Надо искать себя, делать свой собственный прорыв. И нам это удалось. Мы вышли в телеэфир практически из подполья после 24 часов на «Орбите»: Урал, Сибирь, Дальний Восток. Это была первая правдивая информация, которая прорвалась в эфир о событиях, происходивших в Москве, – 35 минут правды.
Мы вышли в эфир нелегально с Ямского поля.
Накануне Кравченко, он возглавлял в тот момент Гостелерадио СССР, долго допытывался у своих спецов: в полной ли мере блокировано Российское телевидение и нет ли какого-либо незадействованного канала, через который они могут прорваться в эфир. Сотрудники заверили: Гостелерадио и Министерство связи полностью контролируют ситуацию; по сути, это был трёп неосведомлённых. К августу мы уже успели проложить коммуникации, которые ещё не были зафиксированы никакими техническими, либо правоохранительными службами.
О нашем выходе в эфир, помимо моих служб, знали два человека. Валентин Лазуткин, в то время первый заместитель Гостелерадио СССР. Он был тогда нашим негласным союзником. Предавать гласности дружбу с нами было для него опасно, да и неразумно. Именно от него Кравченко мог узнать о наших скрытых замыслах, но не узнал.
Скорее всего позиция Лазуткина – умолчать – позволяла не сделать Валентину Горохову (руководителю технического центра Останкино, он знал о наших замыслах) никаких непродуманных шагов. Таким образом, эти два человека стали сторонниками эфирного протеста Российского телевидения. Они рисковали. В тот момент они были на «солнечной стороне». Тем более значим их поступок, и наша признательность коллегам.
Время совершает своё безостановочное движение. Путч был событием неожиданным. Он совершён был по всем правилам путча – в уик-энд, с воскресенья на понедельник. Природа неожиданности.
Достаточно изолировать Ельцина, всё остальное произойдёт само собой. Путчисты поставили знак равенства между недовольством политикой Горбачёва и неудачами либералов. Объединив этим самым либералов против себя, того не подозревая. Второй ошибкой явился следующий факт. Оказалось, что свобода – право не оглядываться, говорить, оспаривать, двигаться, встречаться с кем хочешь – самоценна сама по себе и обществом не связывается с экономическими трудностями. Свобода превыше всего. Увы, но она оказалась дорогой.
Была и третья ошибка. В современных условиях шанс на успех имеет только популярный политик.
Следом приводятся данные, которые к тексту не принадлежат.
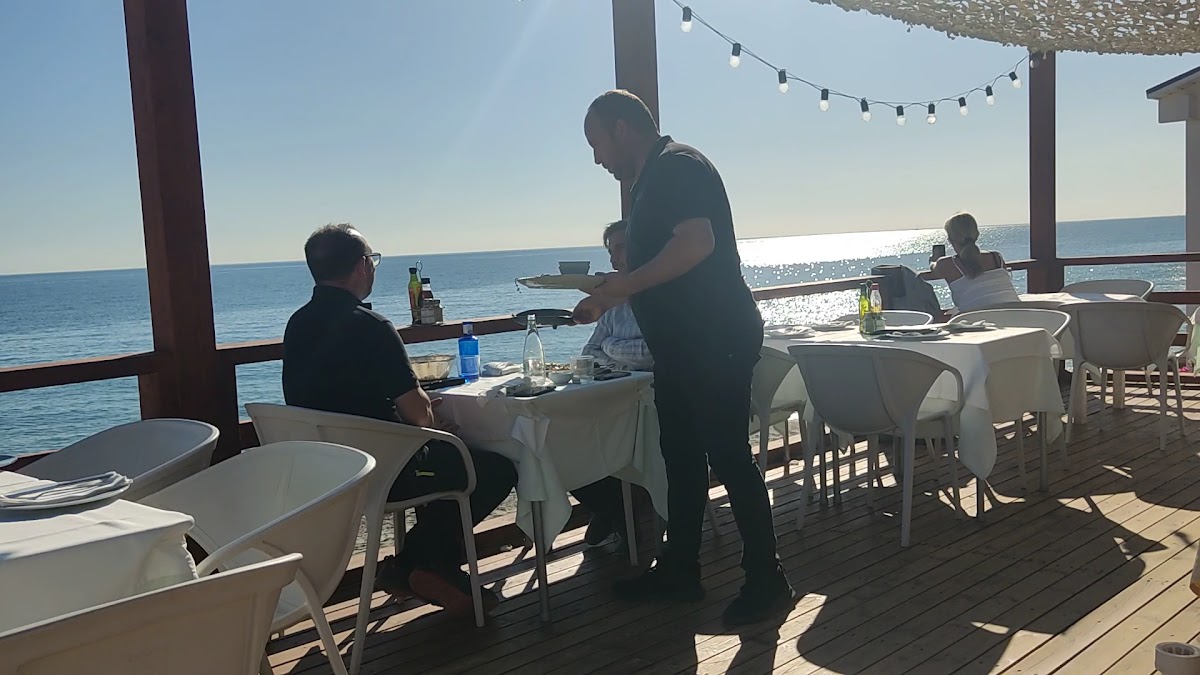 Restaurante La Restinga Beach - Photo 1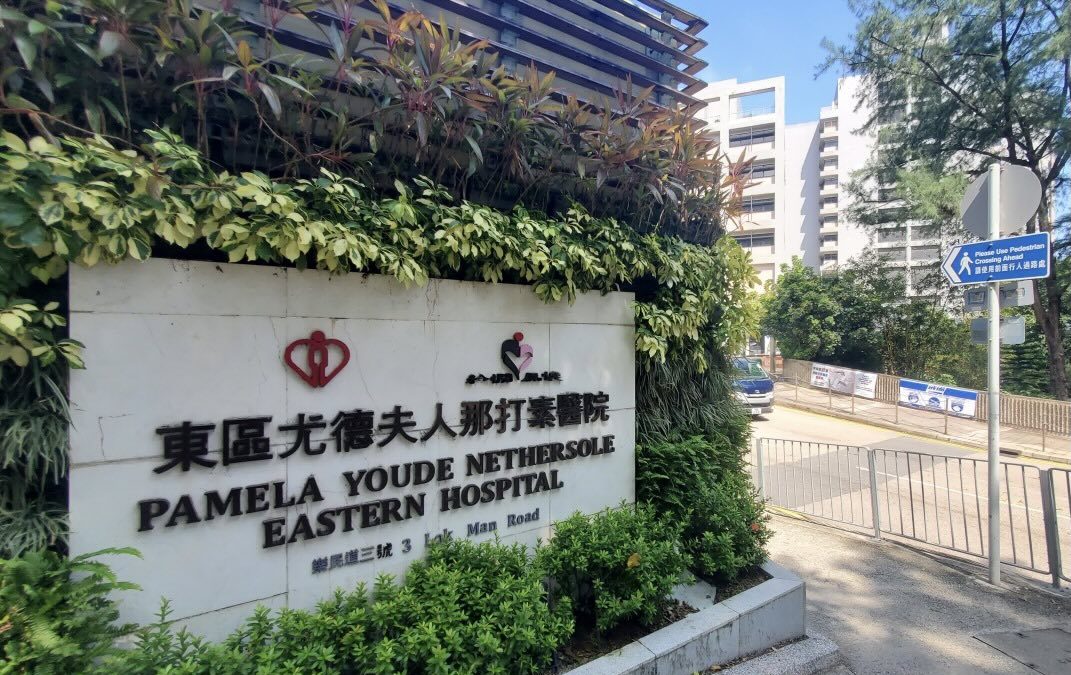 香港西灣河男子遭兩煞持刀棍伏擊 港警檢血帽假髮緝兇徒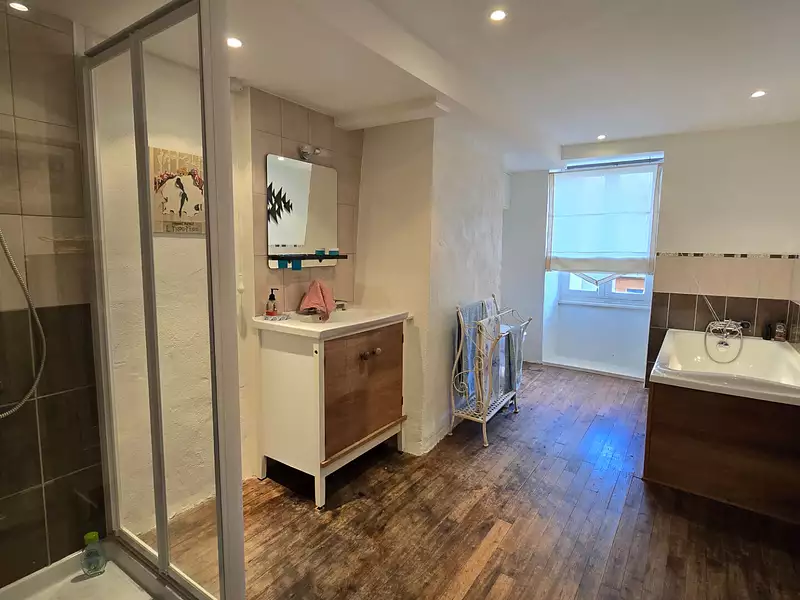 Maison, 245 m²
Организаторы ГКЧП, а проще говоря, путча этим пренебрегли. Более того, сделали опрокидывающий шаг. Они объединили в руководстве ГКЧП по сути самых непопулярных и нелюбимых народом политиков: Павлова, Язова, Крючкова, Пуго, Янаева, Стародубцева, мало кому известных Бакланова, Шейнина, Тизякова и других; непопулярность, умноженная на одиннадцать (число членов ГКЧП), не создала героического образа коллективного спасителя народа. Всё остальное – и невладение ситуацией в армии, органах МВД и КГБ, и масштаб собственного страха – было в-четвертых, пятых, шестых. Неподготовленность ситуации оказалось очевидной.
Путч был, но шансов одержать победу не было. Случись невероятное – они взяли власть. Их пребывание у власти могло претендовать не более чем на месяц, а затем неизбежный бардак, порождённый путчем.
Неожиданность была следствием нелепости, затем ссылки на предостережение ЦРУ, предупреждение прессы о контрнаступлении реакции, всё это не более, чем массовый всплеск эмоциональных интеллигентских чувств. Таких предупреждений было сверхдостаточно, но все они предполагали более отдалённую перспективу путча.